Later in the day, the ministry released a video clip with English subtitles, in addition to one with Korean subtitles. “We plan to release more versions in different languages," Choi added.  


The video released by the ministry was produced by editing a clip of the Coast Guard 5001 vessel on a rescue operation and a clip shot by Japan’s P-1 patrol plane at the time when the incident happened, around 3PM on December 20th.

 

“While our Gwanggaeto The Great destroyer was carrying out a humanitarian rescue operation on a vessel in distress, a Japanese patrol aircraft approached the destroyer at a low altitude,” the ministry said. “Why did the Japanese patrol aircraft fly at a threateningly low altitude at the scene of a humanitarian rescue operation?” the ministry also asked. 

According to the video, the Japanese patrol aircraft approached the destroyer within 500 meters, and flew approximately 150 meters above the destroyer. “This posed a threat to the crew of the destroyer, as it made so much noise and was shaking,” the ministry said.

 

The ministry then debunked the clip of the Japanese patrol aircraft that showed that it was aware of the rescue mission.

 

“The Japanese plane continued its inappropriate reconnaissance and created a serious threat by interfering in the humanitarian mission being carried out by the South Korean destroyer,” the ministry spokesperson said, stressing that an armed warplane should not fly threateningly at a low altitude near another nation’s ship, as an accidental collision could occur between the two sides.

 

On Japan’s claim that it followed international law, the video claims that Japan intentionally distorted such law. Japan cited the Convention on International Civil Aviation and the enforcement regulations of the Japanese Aviation Law as the basis of the plane’s compliance with the international aviation law.

 

“Even though the International Civil Aviation Organization (ICAO)’s Convention on International Civil Aviation Annexes 2 to 4 provide that visual flight shall be prohibited at an altitude lower than 150 meters, it clearly stipulates that this provision is a general flight rule for the flight and safety of civil aircraft, and does not apply to military aircraft,” the ministry said. 

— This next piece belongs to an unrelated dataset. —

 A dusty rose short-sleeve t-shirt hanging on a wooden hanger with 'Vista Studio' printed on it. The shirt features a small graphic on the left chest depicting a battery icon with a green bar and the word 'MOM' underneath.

The ministry also clarified that the Gwanggaeto The Great destroyer operated only a search radar to rescue a vessel in distress, and never directed its STIR at the Japanese patrol aircraft.

 

“Despite Japan’s claim that it had detected radar frequency, the video released by Japan showed that the Japanese patrol aircraft was still flying around above the Gwanggaeto The Great destroyer. While flying at a low altitude, it confirmed that the guns of the Gwanggaeto The Great destroyer did not target it and had no intent to attack it,” the ministry said. “If the Gwanggaeto The Great destroyer targeted the patrol aircraft, it should have immediately performed evasive maneuvers. Instead, it approached the destroyer again, something that is not understandable,” the ministry added.  

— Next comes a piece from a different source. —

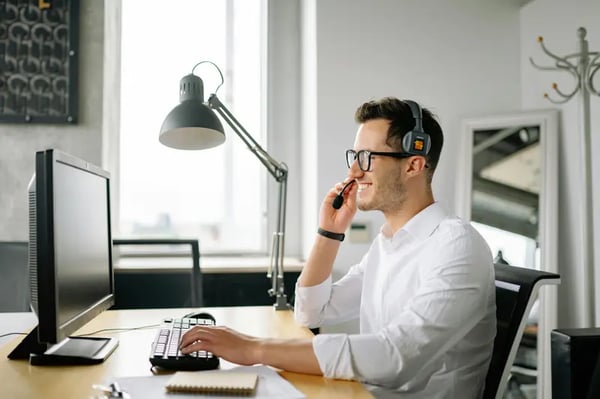 Man looking at a computer monitor while wearing a headset, smiling.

The video also included the sound of actual communication from the Japanese side. According to the sound, the Japanese patrol aircraft was talking about the Gwanggaeto The Great destroyer, but only ‘Korea’ was intelligible due to noises.

 

“The Japanese communication was unintelligible to the Gwanggaeto The Great destroyer. Besides, it was only attempted after the Japanese patrol aircraft was relatively distant from the rescue operation area,” the ministry explained.  

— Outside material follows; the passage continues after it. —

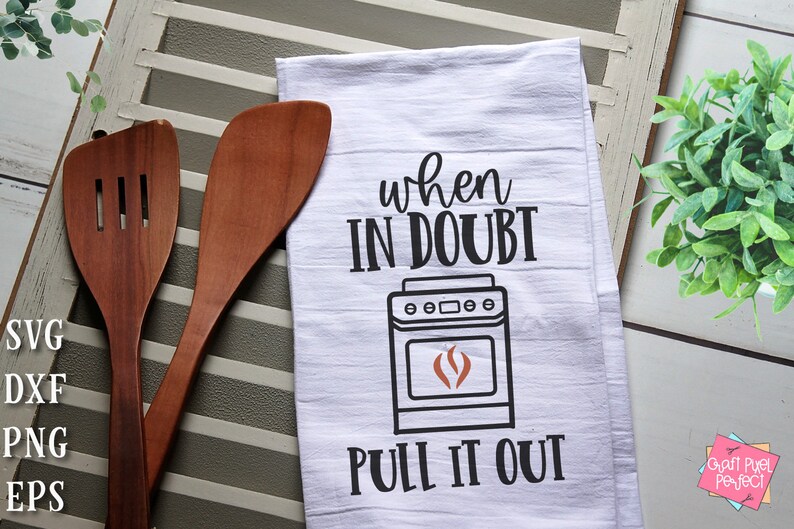 May include: White kitchen towel with black text that reads "When in doubt, pull it out."  A black and white illustration of a stove with a red flame is above the text.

“Our Navy did not engage in any threatening acts against the maritime patrol aircraft of the partner country. If there is any STIR-related evidence (radar frequency data) that supports Japan’s claim against our destroyer, it should be presented at the working-level talks between the two countries,” the ministry said, stressing that Japan must apologize for its threatening low-altitude flight toward our destroyer that was on a humanitarian rescue mission.

 

However, the ministry has not given up its efforts to unravel the issue. The ministry reaffirmed that it will follow the existing policy to narrow the differences over the incident and resolve the issue via working-level talks. 

 

In a phone conversation on Friday, the Minister of Foreign Ministry Kang Kyung-hwa and Japan’s Foreign Minister Taro Kono also agreed that the defense authorities of the two countries should meet to work out the issue.